Reputation: 1370
I was playing with Spark Standalone with a cluster of two nodes and according to the documentation:
When using spark-submit, the application jar along with any jars included with the --jars option will be automatically transferred to the cluster. URLs supplied after --jars must be separated by commas. That list is included on the driver and executor classpaths. Directory expansion does not work with --jars.
I thought that when executing the spark-submit
from one of the two machines, it would have bring on the spark cluster all the files passed with --files options and the executable jar.
Instead it will fail, sometimes (I mean when choosing as master the other node), because files or, even worse, jar was not found.
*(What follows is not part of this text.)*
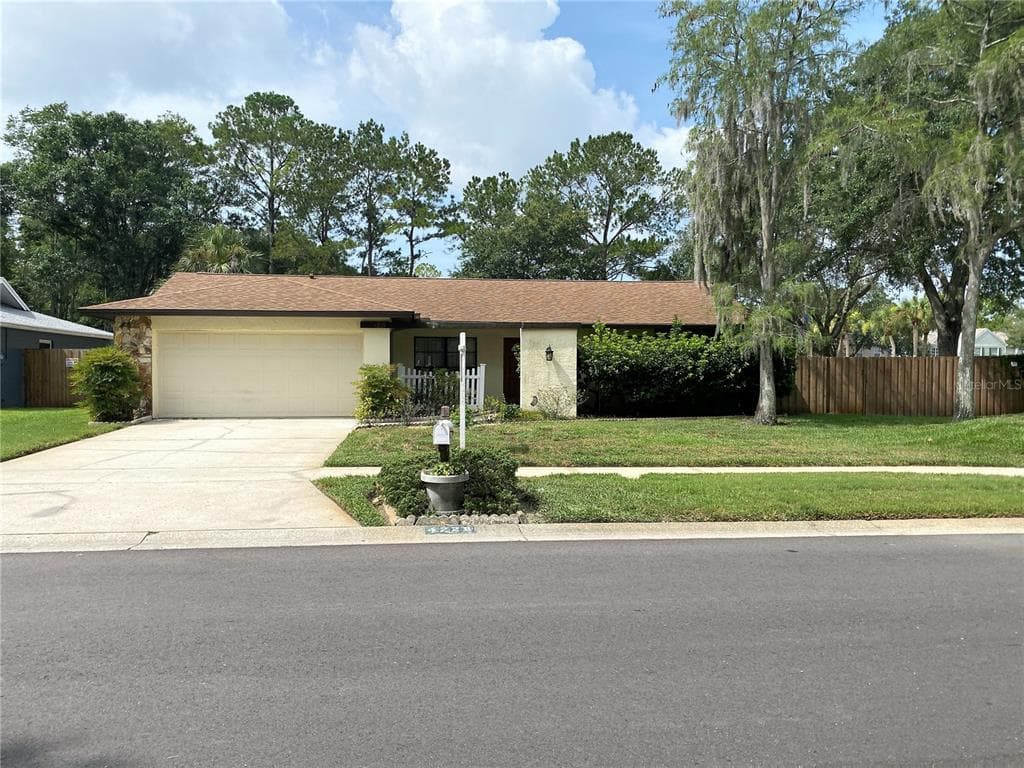 4228 SUMMERDALE DRIVE TAMPA, FL 33624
I had to distribute the files and the jars through the cluster (same path).
N.B.: I set up the cluster with everything said in this documentation
N.B.2: In the code I get the files (after Spark context is inizialized) with the method SparkFiles.get
N.B.3: The spark-sumbit command I use is more or less is this:
${SPARK_DIR}/bin/spark-submit --class ${CLASS_NAME} --files ${CONF_FILE},${HBASE_CONF_FILE} --master ${SPARK_MASTER} --deploy-mode cluster ${JAR_FILE}
Upvotes: 0
Views: 543
Reputation: 35249
It is expecteded. --jars
and --files
are relative to the driver. Because you use cluster
mode, driver runs on arbitrary executor node. As a result every executor need access to the file.
Upvotes: 1